Конец Зубатова и зубатовщины ещё впереди, но тогда он ещё был начальником московской охранки. Более того, за успехи в борьбе с революционной крамолой его вскоре перевели в Петербург, начальником особого отдела департамента полиции, и как раз там возле него появился Гапон, в котором он увидел продолжателя своей идеи «умиротворения» рабочих.

Начиная провокацию против рабочего движения, Зубатов в 1902 году в записке министру внутренних дел Плеве писал: «Идей социал-демократов половина рабочих вообще понять не может в силу своей крестьянской неразвитости. В это время мы предлагаем им не связанный с опасностью попасть под удар полиции легальный путь к улучшению их экономического положения». И дальше в подтверждение своей мысли приводил пример успешного урегулирования конфликта на подмосковном Люберецком заводе. (Помните учительницу Лисакову, которую допрашивал Зубатов?) Именно там, в Люберцах, и был создан один из первых зубатовских легальных кружков рабочих…

Вот и Гапон спустя три года в письме столичному гра-доначалышку Фулоиу будет заверять его, что всякие социал-демократические элементы он близко не подпустит к «своим рабочим объединениям и это сделают сами рабочие, которые целиком приняли предложенный мною на основе братской взаимопомощи легальный путь улучшить своё положение».

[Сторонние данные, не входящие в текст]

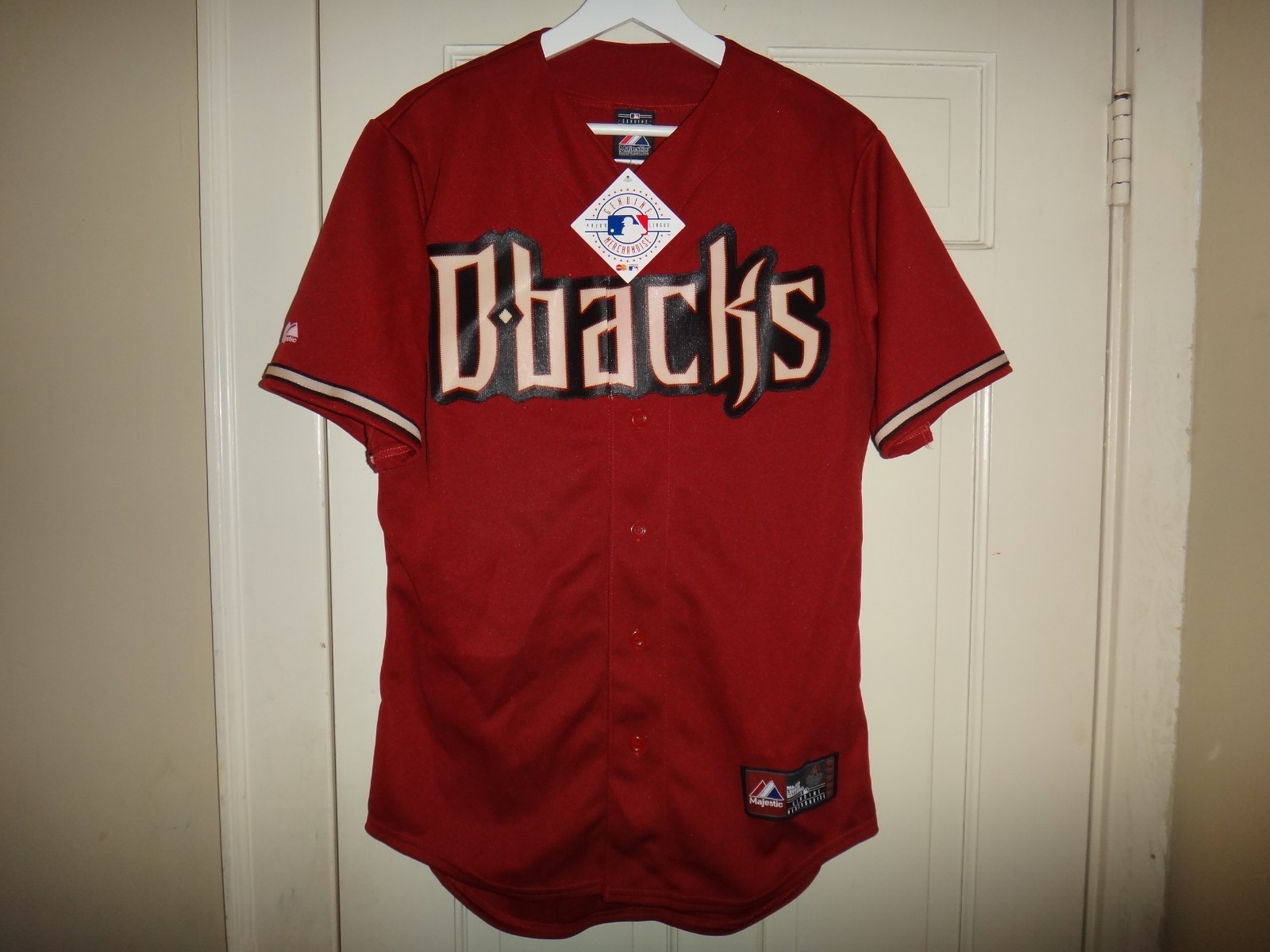 NWT Men's Majestic Arizona Diamondbacks Red Baseball Jersey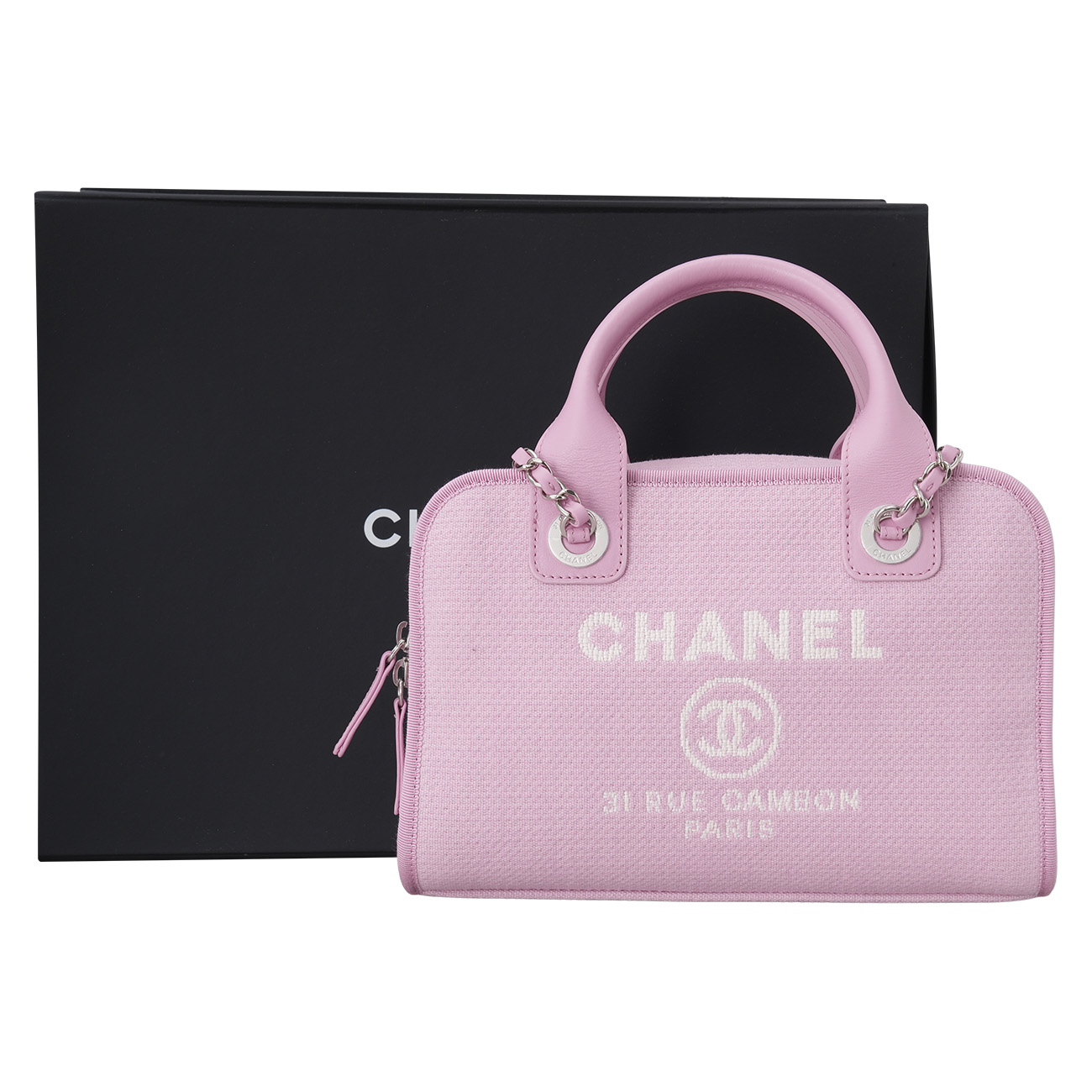 CHANEL(USED)샤넬 A92749 도빌 볼링백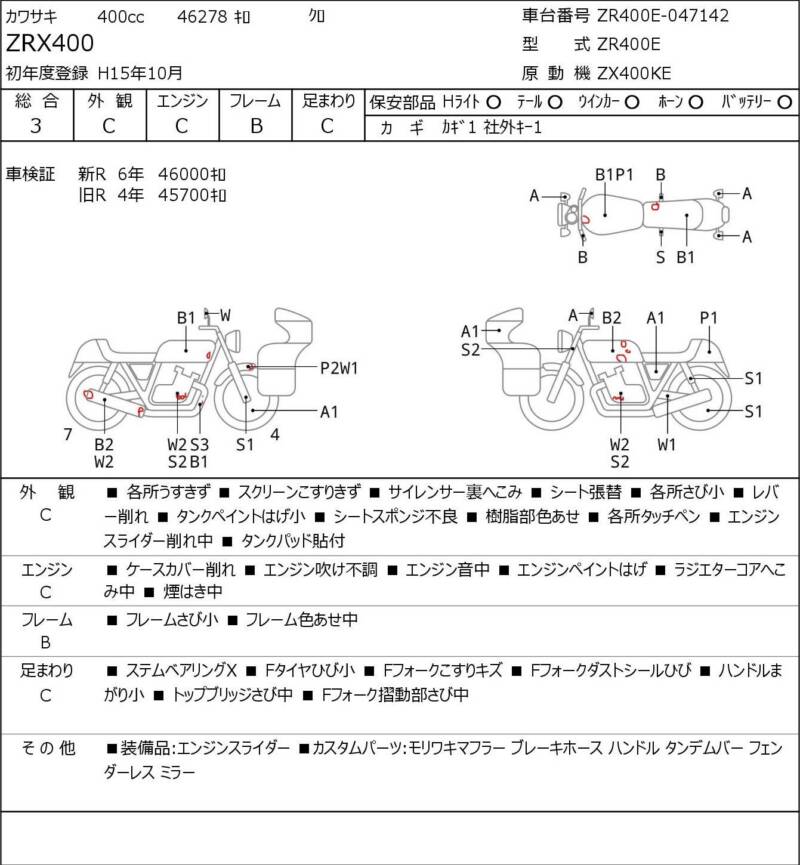 Карта повреждений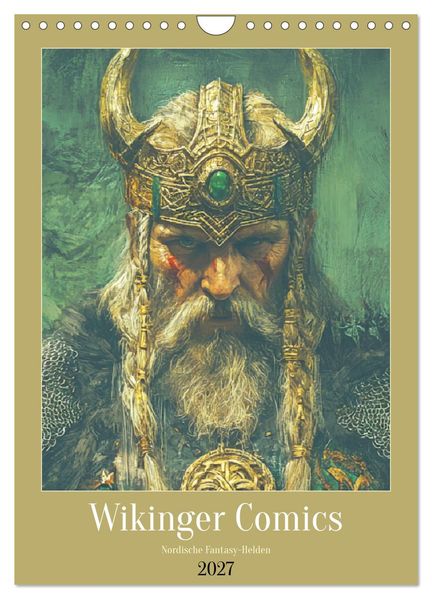 Wikinger Comics. Nordische Fantasy-Helden (Wandkalender 2027 DIN A4 hoch) CALVENDO Monatskalender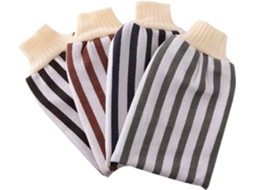 Conjunto de 4 esponjas esfoliantes de algodão Luvas para limpeza profunda e massagem corporal.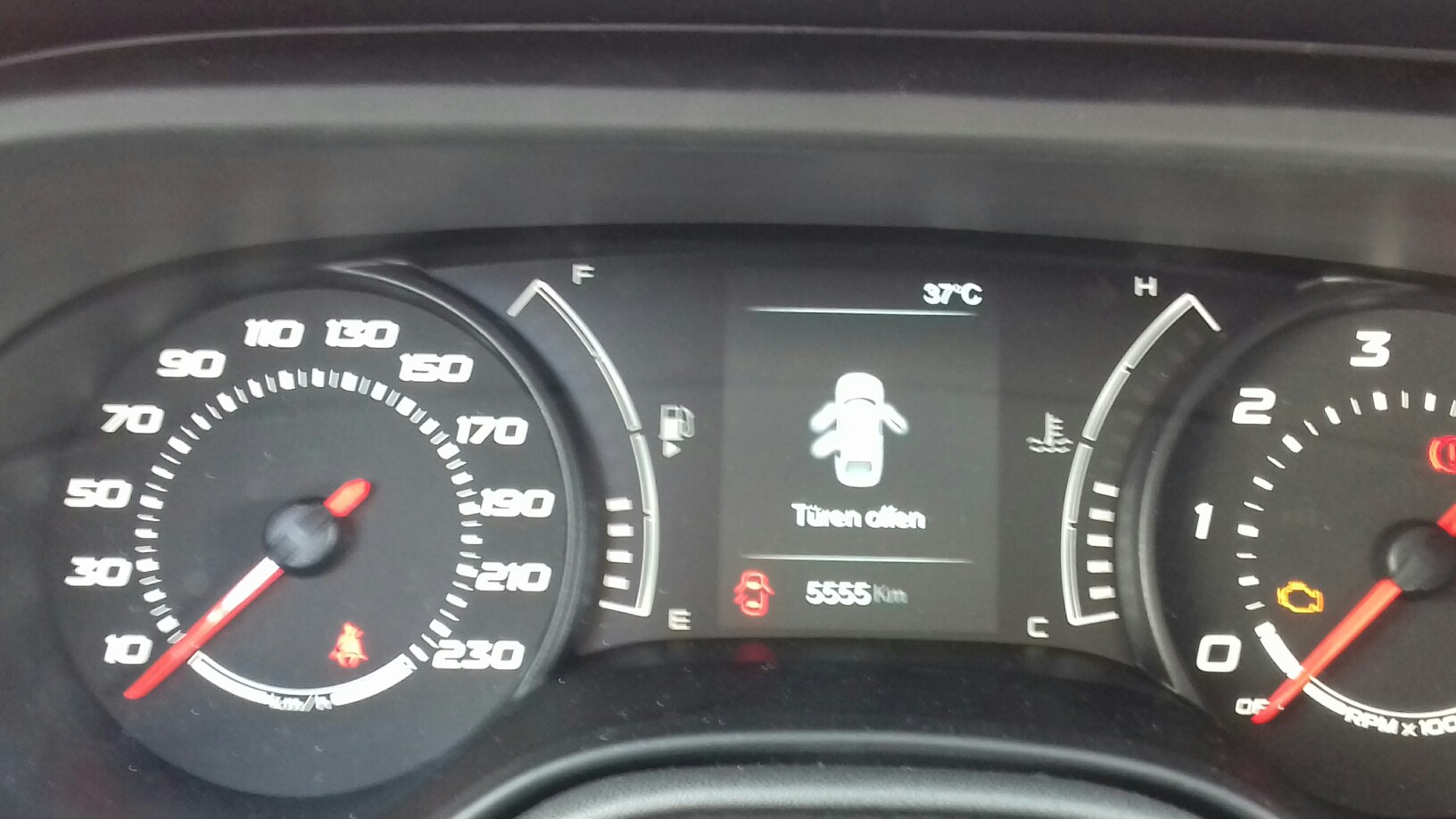 Tachostand Schnapszahl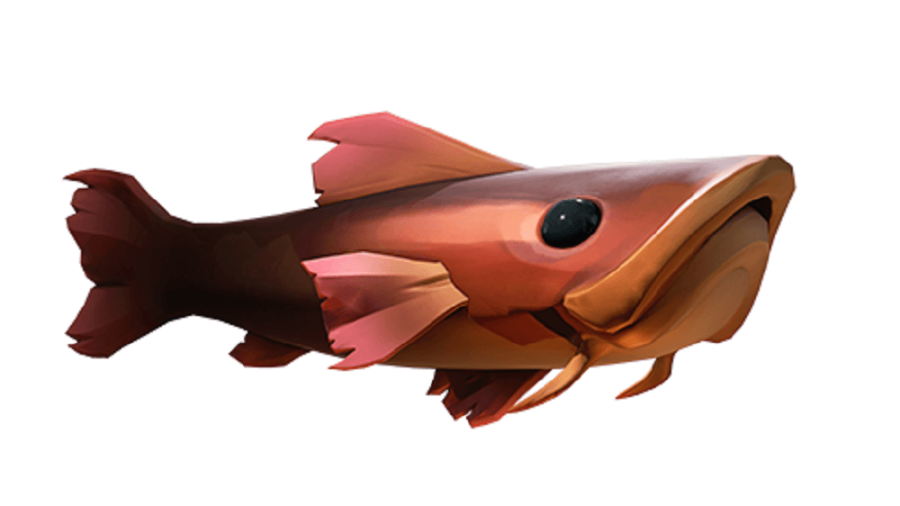 An ancientscale fish from Sea of Thieves.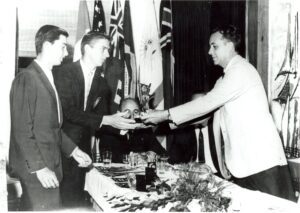 Regata Hemisfério Ocidental da Classe Snipe o Ralph Conrado vencedores do 7º1962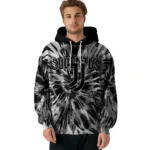 Juventus Tie Dye Pattern Black Hoodie Best Selling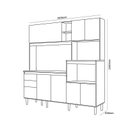 Ver imagem 4 de Cozinha Compacta Piatã 7 Portas 3 Gavetas 100% Mdf - Carvalho Nature/ripado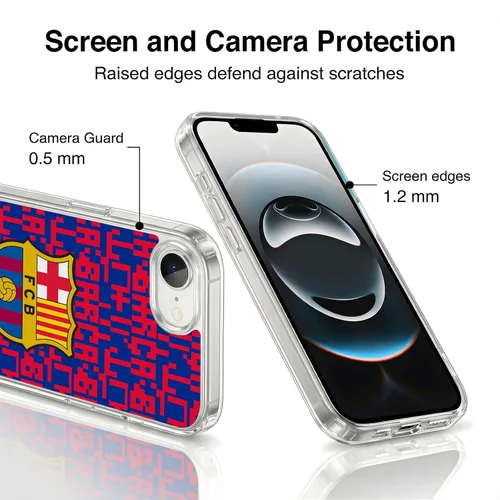 Vista 12 de Head Case Designs Funda de gel suave con licencia oficial del FC Barcelona Barca Crest Graphics [protección de grado militar] compatible con Apple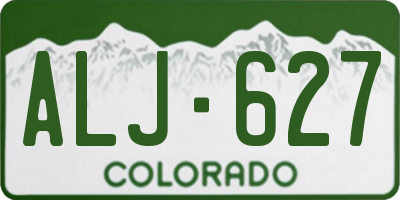 CO license plate ALJ627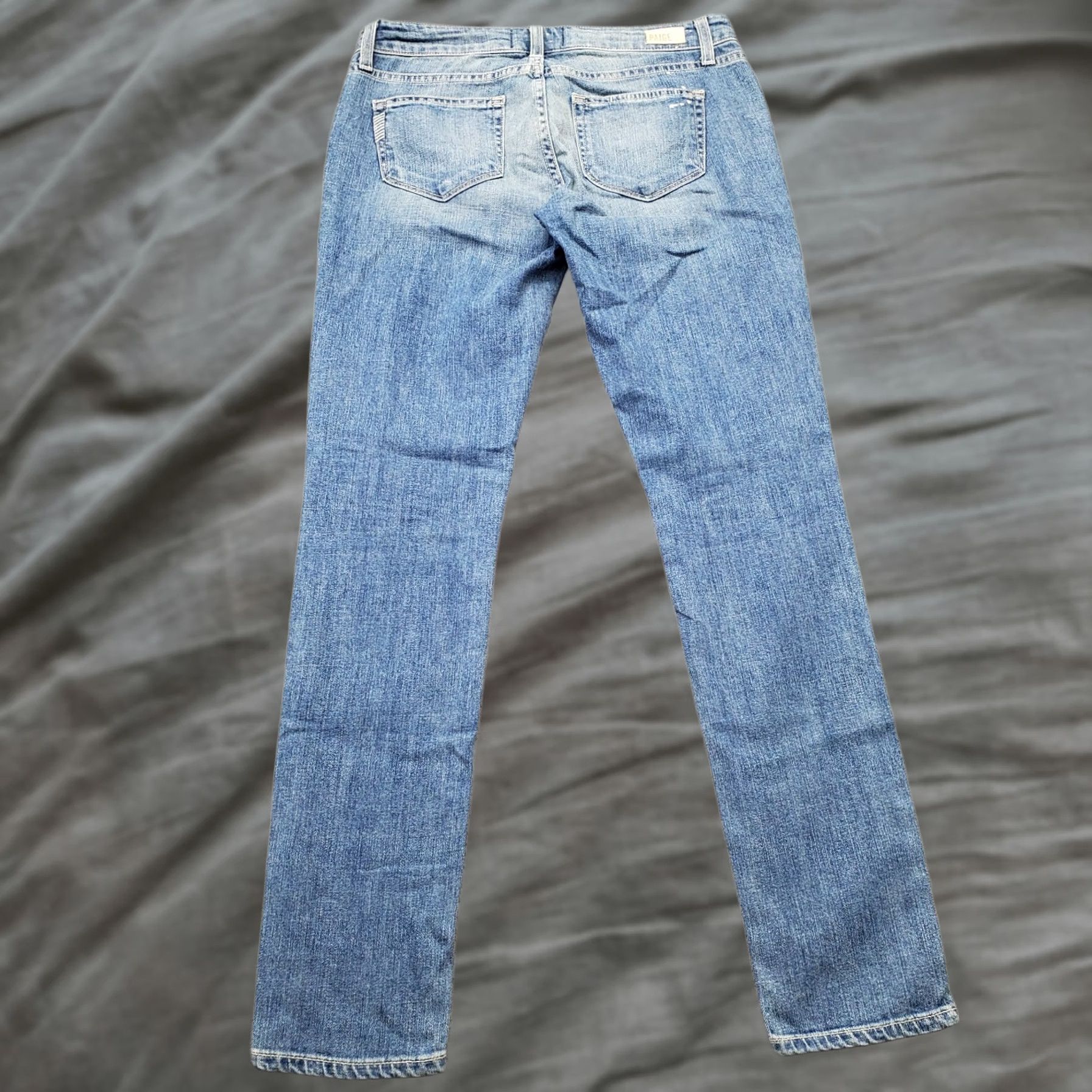 Paige Paige Skyline Ankle Peg Jeans Women Size 26 Denim 5-Pocket Studded Blue Jeans Size 26" / US 2 / IT 38 - 1 Thumbnail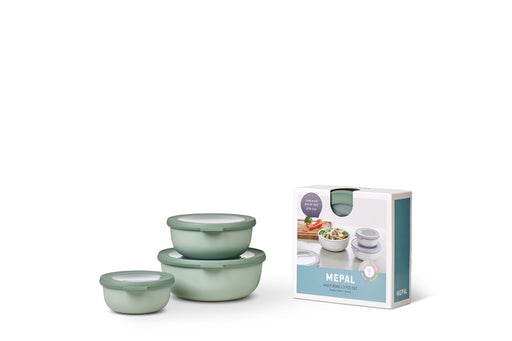 MEPAL - CIRQULA 3/ST Rnd Shlw (350+750+1250) Nordic-Sage/Jade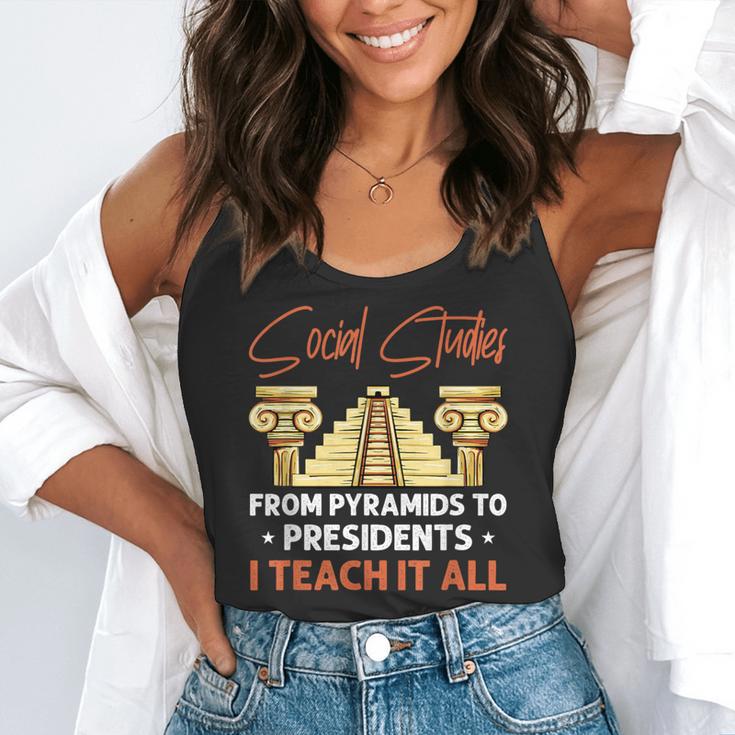 Social Studies Teacher World History Teacher Men Women Flowy Tank, funny gift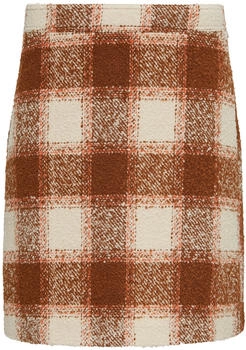 s.Oliver Kurzer Bouclé-Rock mit Musterung Beige 2155401.81N5.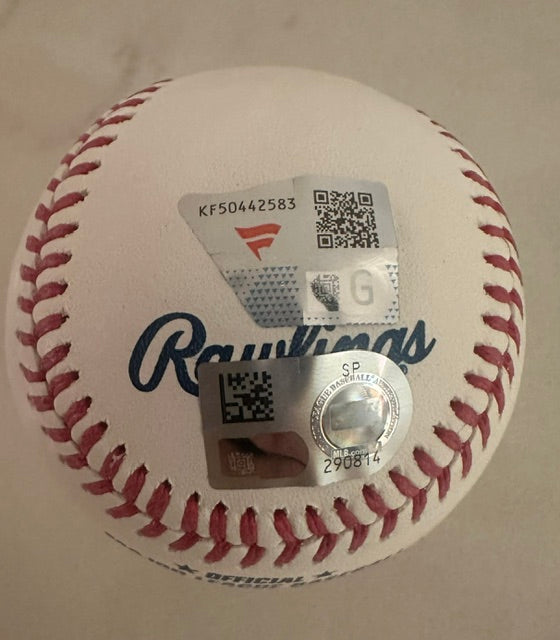 Autographed Cam Schlittler Official Major League Baseball with Fanatics Hologram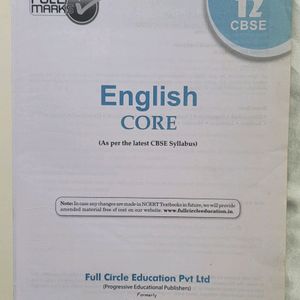 Full Marks English Core Class 12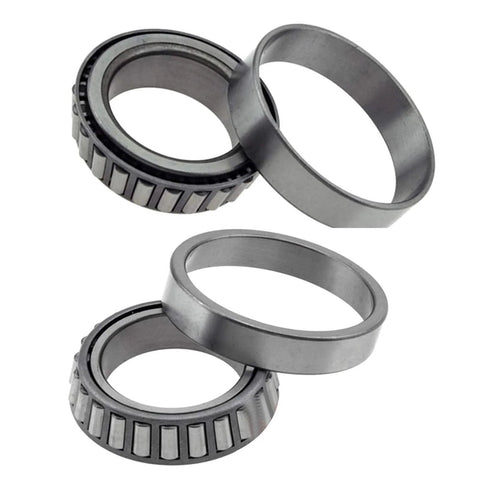 Front Wheel Bearing Hub Assembly Replacement For Toyota 4Runner 1990-1995, Pickup 1975-1995, And Tacoma 1995-2004 - OE-Grade Front Wheel Bearings Kit With Seals shown in detail with bearings and seals visible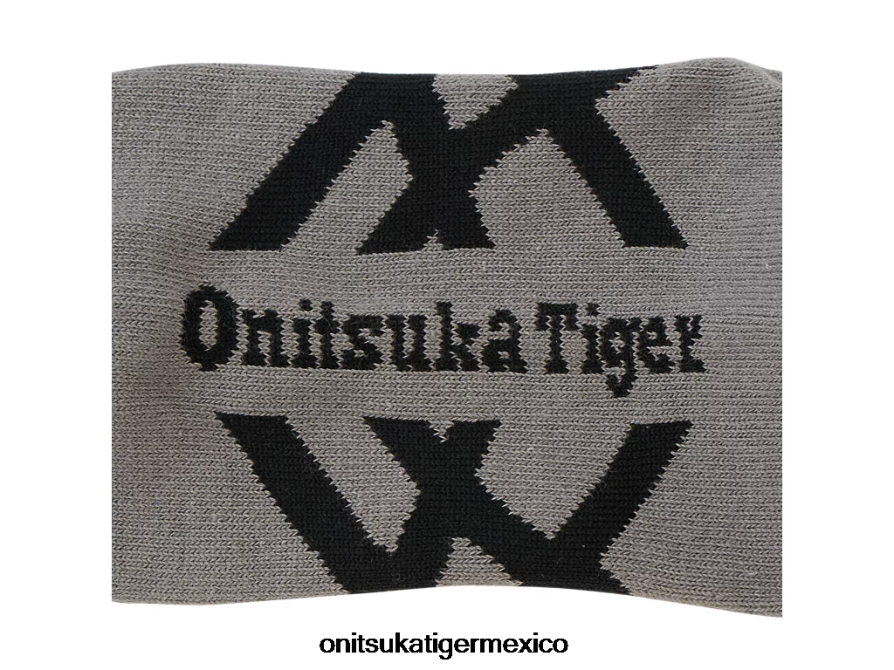 Onitsuka Tiger accesorios 4P8D6N495 gris negro unisexo calcetines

Да, ни Зубатов, ни тем более Гапон не понимали грозной взрывоопасности обстановки в государстве и не могли трезво оценить свои возможности, но были убеждены, что самой историей, а то и всевышним они призваны стать провозвестниками благоденствующей державной России. Именно тогда в полицейских кругах стала крылатой фраза Зубатсва: «Мы набьём тюрьмы эсдеками, и пусть они там устраивают свою революцию». А газета «Московский листок» под портретом Гапона печатала такую цитату из его выступления перед рабочими: «Я поведу вас в будущую Россию божьей благодати». Тем не менее то, что делали Зубатов и Гапон, в какой-то мере тормозило развитие революционного движения, иначе не было бы необходимости заниматься этими персонами, их деятельностью и судьбой.